Dead Man’s Wire review – Gus Van Sant calls the shots with surreal true-crime thriller

Venice film festival
Al Pacino, Colman Domingo and Myha’la excel in this gripping take on the events of 1977 when an Indianapolis businessman held his mortgage broker hostage

With terrific chutzpah, black-comic flair and cool, cruel unsentimentality, screenwriter Austin Kolodney and director Gus Van Sant have made a true-crime suspense thriller set in the 1970s, tapping into the spirit of both Sidney Lumet’s Dog Day Afternoon and Network. Apart from anything else, it is a reminder that in that post-Kennedy, post-Watergate age, plenty of lawless and febrile things happened that would now be considered phenomena purely attributable to social media.
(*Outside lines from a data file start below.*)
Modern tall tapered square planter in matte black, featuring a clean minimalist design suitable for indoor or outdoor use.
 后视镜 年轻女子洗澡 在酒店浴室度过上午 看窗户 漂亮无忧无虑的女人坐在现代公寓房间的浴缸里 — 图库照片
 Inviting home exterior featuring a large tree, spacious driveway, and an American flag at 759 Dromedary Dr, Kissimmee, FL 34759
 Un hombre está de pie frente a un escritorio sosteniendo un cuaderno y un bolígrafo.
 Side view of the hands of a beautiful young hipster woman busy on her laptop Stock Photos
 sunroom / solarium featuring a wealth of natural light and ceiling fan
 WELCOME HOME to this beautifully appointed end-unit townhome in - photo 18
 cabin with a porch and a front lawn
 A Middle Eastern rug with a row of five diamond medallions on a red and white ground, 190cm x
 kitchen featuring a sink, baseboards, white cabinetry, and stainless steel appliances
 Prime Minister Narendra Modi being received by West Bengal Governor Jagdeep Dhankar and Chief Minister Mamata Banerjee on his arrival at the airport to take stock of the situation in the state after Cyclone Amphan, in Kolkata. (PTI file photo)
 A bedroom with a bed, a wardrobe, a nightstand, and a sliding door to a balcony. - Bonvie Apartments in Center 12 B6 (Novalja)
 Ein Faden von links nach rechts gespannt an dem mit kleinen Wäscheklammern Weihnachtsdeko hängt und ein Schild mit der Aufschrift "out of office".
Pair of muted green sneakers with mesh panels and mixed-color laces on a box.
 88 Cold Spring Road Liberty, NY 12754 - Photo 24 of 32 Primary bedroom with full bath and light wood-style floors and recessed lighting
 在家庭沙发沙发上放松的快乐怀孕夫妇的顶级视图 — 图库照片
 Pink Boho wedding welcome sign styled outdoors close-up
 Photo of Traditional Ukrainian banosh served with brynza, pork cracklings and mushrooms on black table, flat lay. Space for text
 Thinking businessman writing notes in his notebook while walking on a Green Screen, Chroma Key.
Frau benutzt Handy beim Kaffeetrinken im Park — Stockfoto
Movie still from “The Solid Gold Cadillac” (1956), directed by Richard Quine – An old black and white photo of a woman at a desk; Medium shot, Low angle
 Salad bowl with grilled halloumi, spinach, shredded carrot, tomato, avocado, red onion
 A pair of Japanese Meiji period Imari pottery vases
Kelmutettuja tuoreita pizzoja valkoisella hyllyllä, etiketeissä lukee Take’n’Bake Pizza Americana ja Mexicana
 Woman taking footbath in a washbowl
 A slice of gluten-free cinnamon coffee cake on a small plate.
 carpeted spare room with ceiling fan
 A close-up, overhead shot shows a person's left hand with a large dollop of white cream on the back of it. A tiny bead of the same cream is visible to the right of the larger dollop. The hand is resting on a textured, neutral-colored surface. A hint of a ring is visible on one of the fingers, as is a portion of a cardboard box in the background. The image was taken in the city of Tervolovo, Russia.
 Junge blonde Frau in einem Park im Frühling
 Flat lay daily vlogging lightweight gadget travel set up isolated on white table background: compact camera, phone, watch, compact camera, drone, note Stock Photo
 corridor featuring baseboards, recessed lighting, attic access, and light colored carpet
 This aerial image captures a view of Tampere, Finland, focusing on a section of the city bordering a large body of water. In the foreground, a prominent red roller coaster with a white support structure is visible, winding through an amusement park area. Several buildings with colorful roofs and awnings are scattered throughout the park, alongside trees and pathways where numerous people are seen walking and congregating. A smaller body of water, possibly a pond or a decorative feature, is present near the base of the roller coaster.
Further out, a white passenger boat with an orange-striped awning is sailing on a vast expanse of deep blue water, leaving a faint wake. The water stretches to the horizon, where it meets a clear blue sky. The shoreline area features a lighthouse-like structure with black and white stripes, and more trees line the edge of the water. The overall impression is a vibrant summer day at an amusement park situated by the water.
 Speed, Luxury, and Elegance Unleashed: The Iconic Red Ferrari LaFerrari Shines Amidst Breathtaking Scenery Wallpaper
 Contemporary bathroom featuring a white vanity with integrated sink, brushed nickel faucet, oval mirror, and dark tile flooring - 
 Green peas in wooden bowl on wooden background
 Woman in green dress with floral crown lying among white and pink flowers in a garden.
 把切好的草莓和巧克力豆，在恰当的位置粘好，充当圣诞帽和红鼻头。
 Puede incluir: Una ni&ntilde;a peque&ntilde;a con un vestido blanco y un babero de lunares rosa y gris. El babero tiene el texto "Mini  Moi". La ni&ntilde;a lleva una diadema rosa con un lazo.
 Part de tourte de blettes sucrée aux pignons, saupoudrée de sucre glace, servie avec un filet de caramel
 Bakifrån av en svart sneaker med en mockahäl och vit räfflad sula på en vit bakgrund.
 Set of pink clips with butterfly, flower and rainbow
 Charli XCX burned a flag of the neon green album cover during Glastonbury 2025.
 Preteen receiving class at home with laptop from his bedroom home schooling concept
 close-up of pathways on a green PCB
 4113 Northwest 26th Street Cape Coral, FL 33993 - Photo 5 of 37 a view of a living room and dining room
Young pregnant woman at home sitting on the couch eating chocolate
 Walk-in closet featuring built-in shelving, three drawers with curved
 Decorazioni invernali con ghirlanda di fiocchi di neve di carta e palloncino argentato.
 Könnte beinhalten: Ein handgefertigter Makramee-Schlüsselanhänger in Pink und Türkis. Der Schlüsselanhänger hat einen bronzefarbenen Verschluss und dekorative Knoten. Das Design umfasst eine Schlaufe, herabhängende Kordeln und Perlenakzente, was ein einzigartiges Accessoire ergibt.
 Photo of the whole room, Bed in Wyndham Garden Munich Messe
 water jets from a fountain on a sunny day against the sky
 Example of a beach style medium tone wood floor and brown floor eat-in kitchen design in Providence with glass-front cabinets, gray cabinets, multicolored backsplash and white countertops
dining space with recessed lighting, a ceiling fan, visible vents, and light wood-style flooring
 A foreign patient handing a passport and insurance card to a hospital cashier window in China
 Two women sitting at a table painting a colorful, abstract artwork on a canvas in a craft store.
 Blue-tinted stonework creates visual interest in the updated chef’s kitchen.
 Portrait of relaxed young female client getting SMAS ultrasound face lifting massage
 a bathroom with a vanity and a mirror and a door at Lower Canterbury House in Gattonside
In 1977, an Indianapolis businessman named Tony Kiritsis, with many acquaintances in the police department, kidnapped a mortgage broker named Richard Hall, and tied Hall’s neck with a “dead man’s wire” to his shotgun, which would therefore go off if police sharpshooters tried to kill him. Kiritsis even paraded his victim like this on TV while he read out his demands, a grotesque display in which national TV networks were blandly complicit. Van Sant’s recreation of this extraordinary moment calls to mind the killing of Lee Harvey Oswald by Jack Ruby in front of police and press.